[wdmmg-discuss] CRA 2010: description and questions

Wed Aug 11 21:34:25 UTC 2010

Hi all,

I've just started some work on the WDMMG data store, and Lisa and I
have been looking at the data for CRA 2010, preparatory to loading it
into the store.

Here's what we've discovered, and some questions for discussion
(Alistair, Will?):

**The data**

CRA 2010 consists of *two* spreadsheets, both in the CKAN package at
http://www.ckan.net/package/ukgov-finances-cra

As well as now being in two spreadsheets, it has also become slightly
less granular.

The two tables both show total spending, but classify it differently:
by region and by sub-function. Table 9 classifies spending items by
country, 9 regional areas, and COFOG 1 (e.g. England, East Midlands,
Social protection). Table 10 classifies its items by country, COFOG 1
and COFOG 2 (e.g. England, Social protection, Old age).

Both have just over 20,000 rows and show data from 2004-5 onwards. The
Treasury claims the tables are consistent. One more difference between
the two: Table 9 has projected spending for 2010-11, but Table 10 does
not.

**Differences from CRA 2009**

Last year every item was classified by both region and sub-function,
so the data seems to have become less granular overall. Basically, you
can now classify it either by region, or by sub-function, but not
both.

A few minor differences: we have gained Treasury classifications of
spending, which seem to be analogous to COFOG but not identical.
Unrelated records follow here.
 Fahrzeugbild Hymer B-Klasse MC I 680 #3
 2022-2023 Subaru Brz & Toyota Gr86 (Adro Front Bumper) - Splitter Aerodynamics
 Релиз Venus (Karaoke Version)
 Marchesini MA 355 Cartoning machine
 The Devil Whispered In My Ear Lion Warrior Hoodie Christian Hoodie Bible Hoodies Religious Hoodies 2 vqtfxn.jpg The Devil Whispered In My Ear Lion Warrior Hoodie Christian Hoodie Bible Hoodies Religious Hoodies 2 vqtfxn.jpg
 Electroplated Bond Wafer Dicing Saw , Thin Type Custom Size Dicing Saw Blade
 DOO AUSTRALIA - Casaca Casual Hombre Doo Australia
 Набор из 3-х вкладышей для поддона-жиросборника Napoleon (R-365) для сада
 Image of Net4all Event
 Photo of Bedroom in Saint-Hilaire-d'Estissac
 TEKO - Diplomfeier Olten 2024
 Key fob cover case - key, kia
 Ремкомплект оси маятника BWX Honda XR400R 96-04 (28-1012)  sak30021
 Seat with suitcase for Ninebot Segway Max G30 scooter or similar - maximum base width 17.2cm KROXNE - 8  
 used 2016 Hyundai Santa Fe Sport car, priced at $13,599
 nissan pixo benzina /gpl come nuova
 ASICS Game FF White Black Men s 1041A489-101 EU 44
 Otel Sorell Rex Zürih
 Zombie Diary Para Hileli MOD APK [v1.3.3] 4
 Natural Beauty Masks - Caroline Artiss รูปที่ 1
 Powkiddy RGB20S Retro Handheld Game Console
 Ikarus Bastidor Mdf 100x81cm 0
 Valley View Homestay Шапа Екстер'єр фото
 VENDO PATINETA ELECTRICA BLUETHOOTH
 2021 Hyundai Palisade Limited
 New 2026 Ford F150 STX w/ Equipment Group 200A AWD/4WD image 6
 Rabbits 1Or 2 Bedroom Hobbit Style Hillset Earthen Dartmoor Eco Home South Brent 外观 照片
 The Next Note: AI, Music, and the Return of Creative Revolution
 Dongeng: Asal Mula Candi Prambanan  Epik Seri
The
'CG or LG' column (central or local government) has gained a third
option and is now 'CG, LG or PC' (public corporation - like the Met
Office & World Service).

Lisa says that the 'unknown' fields that caused problems last time are
less problematic this time - I don't know much about this, but it
sounds like good news.

**Questions**

1. Do we load this as one slice or two, given the two ways of
classifying data? One slice seems feasible, but messy (I guess you
just have columns for both region and cofog2, and always leave one of
them null, and have a lot of potentially duplicate rows and fairly
complex queries). Advice appreciated.

2. We now have actual 2009-10 spending to compare with last year's
projected spending (though unfortunately less granular). I'm thinking
of adding a projected/actual key to the data store to deal with this,
it seems to be a common issue with spending data, unless anyone
objects. Also, do we want to do anything with this comparison?

3. On a related note, should I load in the data from past years in CRA
2010? or do we assume that this would just duplicate CRA 2009?

4. Finally, I'll add the Treasury classifications as a new key, unless
anyone objects.

best wishes
Anna